La legge richiede che, per accedere al contributo, le testate debbano dimostrare di avere una reale forza imprenditoriale e debbano assicurare anche un'edizione online. L'intervento poi si sposta a tutto il resto della filiera del settore, va a comprendere la rete di distribuzione, quindi i distributori, le edicole, i punti vendita, quindi tutta la filiera. 
Ci attendiamo, inoltre, che il Governo attui fino in fondo la delega sul Consiglio nazionale dell'ordine dei giornalisti e che questi non si sottraggano alla necessità di abbandonare atteggiamenti che talora assumono sapore corporativo. L'inveramento dell'articolo 21 della Costituzione passa anche per un giornalismo schietto, documentato, scrupoloso ed indipendente. 

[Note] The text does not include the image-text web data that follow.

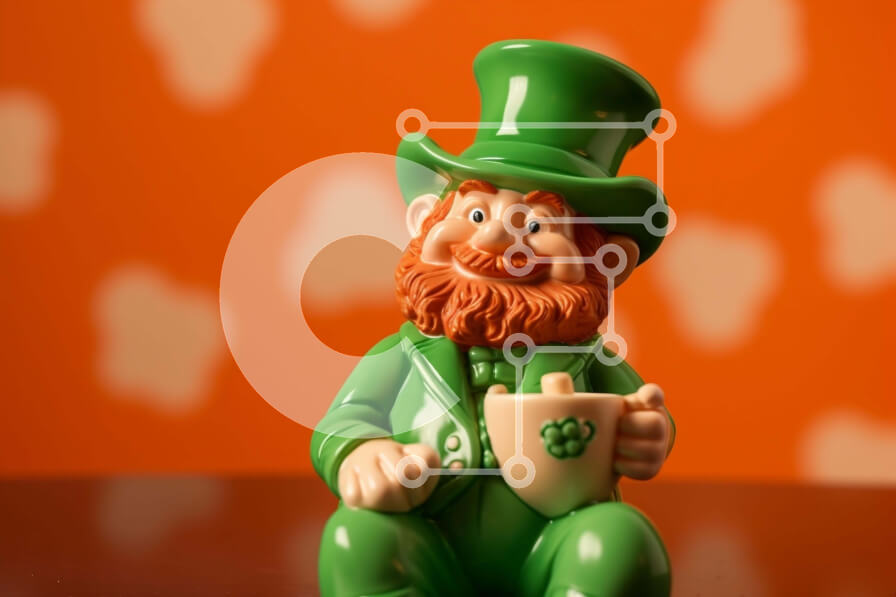 Intra Συλλεκτικό Ξύλινο Παζλ Plywood  4mm - Ειδώλιο Leprechaun σε πορτοκαλί φόντο για την ημέρα του Αγίου Πατρικίου Σε Ξύλινο Κουτί - Διαστάσεις: 10x10 cm – 25 κομμάτια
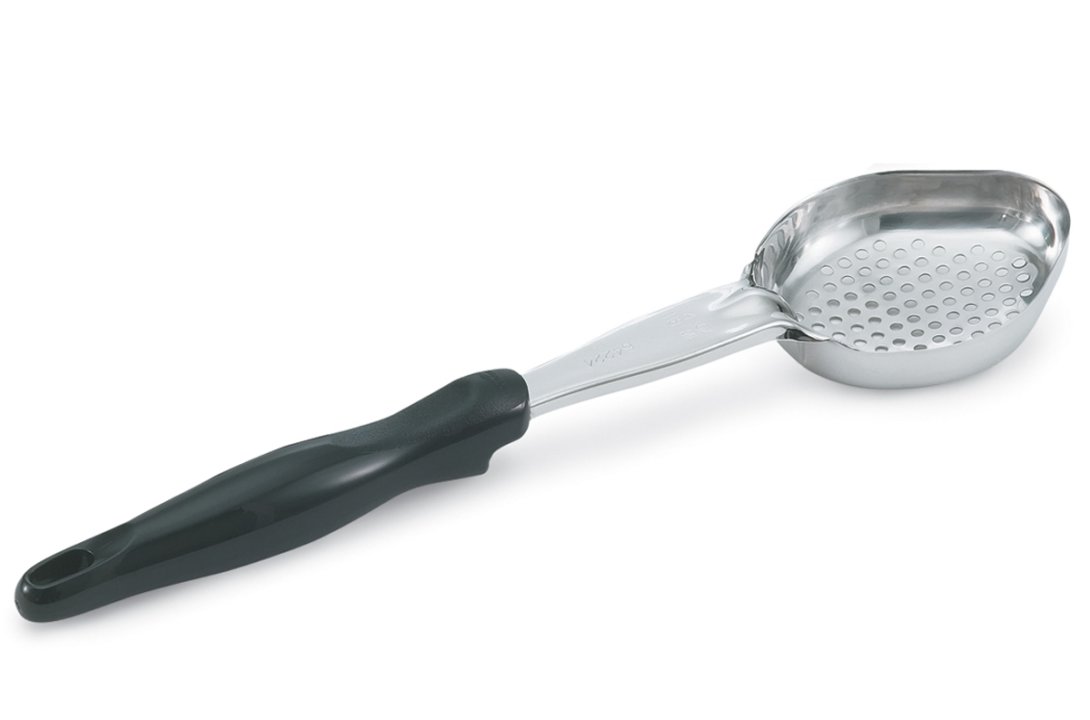 4-ounce one-piece heavy-duty perforated oval Spoodle® utensil with black nylon handle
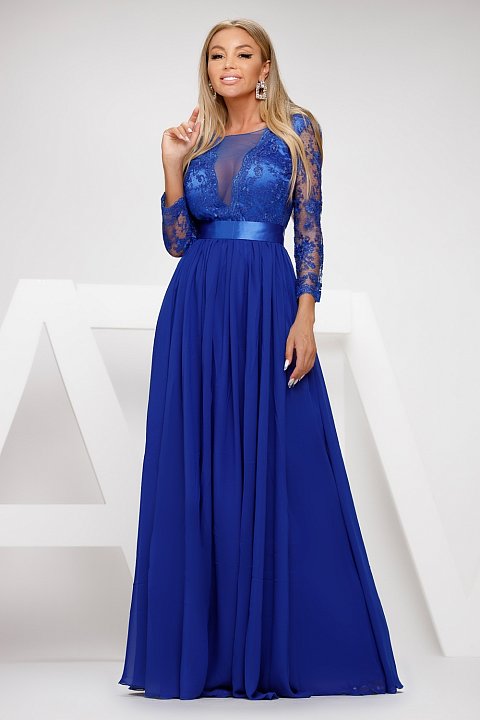 Long royal blue ceremony dress with lace. 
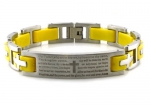 Stainless Steel Lord's Prayer ID Biker Bracelet w/ Yellow Rubber Links 8.5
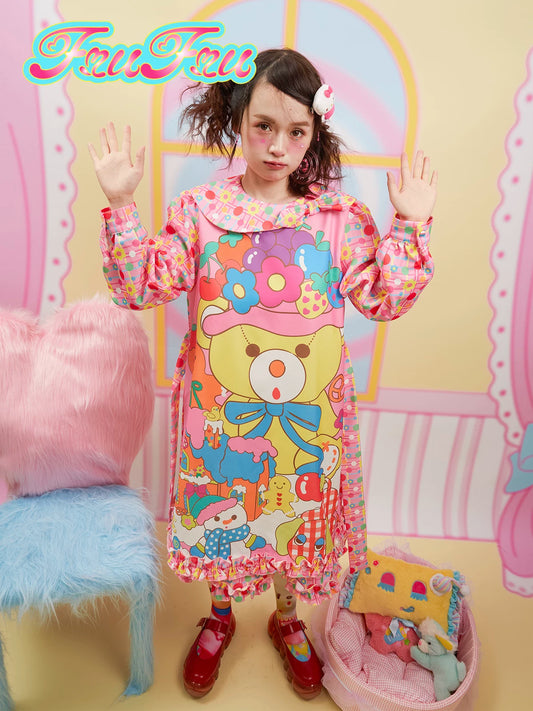 Gollum Store Girls' Room Autumn/Winter Doll Collar Pink Cute Little Bear Print Sweet Dress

Il Senato, poi, è intervenuto su alcuni punti, che non stravolgono assolutamente l'impianto del provvedimento, ma che sono significativi e che voglio ricordare. Tra le modifiche più importanti c’è l'introduzione del limite alle retribuzioni nel contesto della concessionaria del servizio pubblico radiotelevisivo. Novellando l'articolo 49 del decreto legislativo n. 177 del 2005, il testo prevede che agli amministratori, al personale dipendente, ai collaboratori e ai consulenti del soggetto affidatario della concessione del servizio pubblico radiofonico televisivo e multimediale, la cui prestazione professionale non sia stabilita da tariffe regolamentate, si applichi il tetto retributivo pari a 240 mila euro. Questo è un segnale molto, molto importante, che nasce da un ragionamento che era stato testato con una risoluzione presa in Commissione vigilanza e votata all'unanimità qualche mese fa. 
L'ulteriore novità riguarda la procedura per l'affidamento in concessione del servizio pubblico, per la quale si stabilisce la durata decennale, con previa consultazione pubblica, come già prevista dalla legge n. 220 del 2015, la riforma della overnance RAI. Nei prossimi mesi, quindi, andremo a rinnovare la concessione di servizio pubblico. Spero davvero – e concludo – che, così come è stato per questo provvedimento, il Parlamento eserciterà una discussione di ampio respiro sui temi propri del servizio pubblico. Il lavoro, quindi, come ho già detto, non è finito e mi auguro possa andare avanti in maniera seria, competente e senza propaganda, come abbiamo dimostrato portando al traguardo questo provvedimento di legge: 376 giorni di lavoro, di un buon lavoro. E concludo dichiarando il voto favorevole del gruppo del Partito Democratico (Applausi dei deputati del gruppo Partito Democratico).